Cooperatives may sound like an un-American or unrealistic proposal or solution. Nothing could be further from the truth. They are as American as mom and apple pie.
In the U.S. today, member-owned organizations account for $3 trillion in assets, $500 billion in revenue, and more than 1 million jobs. Cooperatives take a variety of forms including: 900 rural electric coops with 42 million clients in 47 states; two million farmer-members in 3000 farmer-owned cooperatives who provide over 250 thousand jobs and annual wages of $8 billion; 7500 credit unions providing financial services to nearly 90 million members; 250 purchasing coops offering group buying and sharing to more than 50,000 independent businesses, and approximately 8000 housing coops providing one million homes.

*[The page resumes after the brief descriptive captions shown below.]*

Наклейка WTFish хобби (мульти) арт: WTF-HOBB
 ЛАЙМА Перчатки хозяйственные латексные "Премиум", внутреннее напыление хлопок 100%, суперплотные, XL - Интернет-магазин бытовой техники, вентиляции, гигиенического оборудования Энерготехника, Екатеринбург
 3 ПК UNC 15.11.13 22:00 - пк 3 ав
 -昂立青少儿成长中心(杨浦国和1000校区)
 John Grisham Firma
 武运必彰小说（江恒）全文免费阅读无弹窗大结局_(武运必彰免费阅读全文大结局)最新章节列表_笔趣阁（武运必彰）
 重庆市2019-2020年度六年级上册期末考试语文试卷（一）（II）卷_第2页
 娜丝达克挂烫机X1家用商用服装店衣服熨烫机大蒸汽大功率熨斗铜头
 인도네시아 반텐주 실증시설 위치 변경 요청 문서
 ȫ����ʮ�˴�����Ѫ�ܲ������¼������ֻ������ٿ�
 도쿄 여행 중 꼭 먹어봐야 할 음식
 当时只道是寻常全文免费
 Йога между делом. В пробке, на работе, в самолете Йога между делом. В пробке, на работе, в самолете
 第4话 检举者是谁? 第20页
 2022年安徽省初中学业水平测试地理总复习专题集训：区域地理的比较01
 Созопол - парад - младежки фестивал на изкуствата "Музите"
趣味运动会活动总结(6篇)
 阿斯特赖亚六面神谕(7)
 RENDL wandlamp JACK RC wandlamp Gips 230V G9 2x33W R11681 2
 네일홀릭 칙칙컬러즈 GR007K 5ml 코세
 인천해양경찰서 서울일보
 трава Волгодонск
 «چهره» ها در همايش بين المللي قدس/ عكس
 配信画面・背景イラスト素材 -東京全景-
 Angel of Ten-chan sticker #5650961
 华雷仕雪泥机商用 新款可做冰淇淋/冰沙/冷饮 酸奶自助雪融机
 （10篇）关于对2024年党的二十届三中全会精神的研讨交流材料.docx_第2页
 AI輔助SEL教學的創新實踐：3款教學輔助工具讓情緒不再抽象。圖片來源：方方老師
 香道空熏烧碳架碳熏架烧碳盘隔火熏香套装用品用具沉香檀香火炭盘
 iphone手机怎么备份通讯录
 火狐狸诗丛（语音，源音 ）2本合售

Cooperatives already have muscle and mass in America. They are supported by the National Cooperative Bank, a congressionally chartered financial institution, whose singular mandate is to “strengthen America’s cooperatives, their members and other socially responsible organizations through the delivery of social impact banking products and services.”
Cooperatives exist at the junction of society, community and worker. They understand the need for teamwork and social responsibility in order to rebuild the American economy and renew the American dream. Because of their share the wealth philosophy, worker cooperatives are especially well-poised for growth and to make capitalism work for the benefit of the many rather than the few by being leaders in sustainable job creation and retention.
President Obama sent a message to the recent labor convention in Los Angeles that “This country owes you a debt of gratitude for your efforts to make sure that everyone who works hard has a chance to get ahead, whether they are in a union or not.” Unfortunately, over the past several years, workers have received a lot of “debt” but very little “gratitude.”
Worker cooperatives and other cooperative organizations can correct this because they believe in the power of we instead of the power of me. They approach job creation as a team sport and with team spirit.
Spirit is the invisible force that moves organizations. In an America of hollowed-out organizations with no hearts, no souls, and little spirit, cooperatives can become the first best hope for carrying the concerns of American workers forward and addressing the degrading demands of an “unfettered labor market.”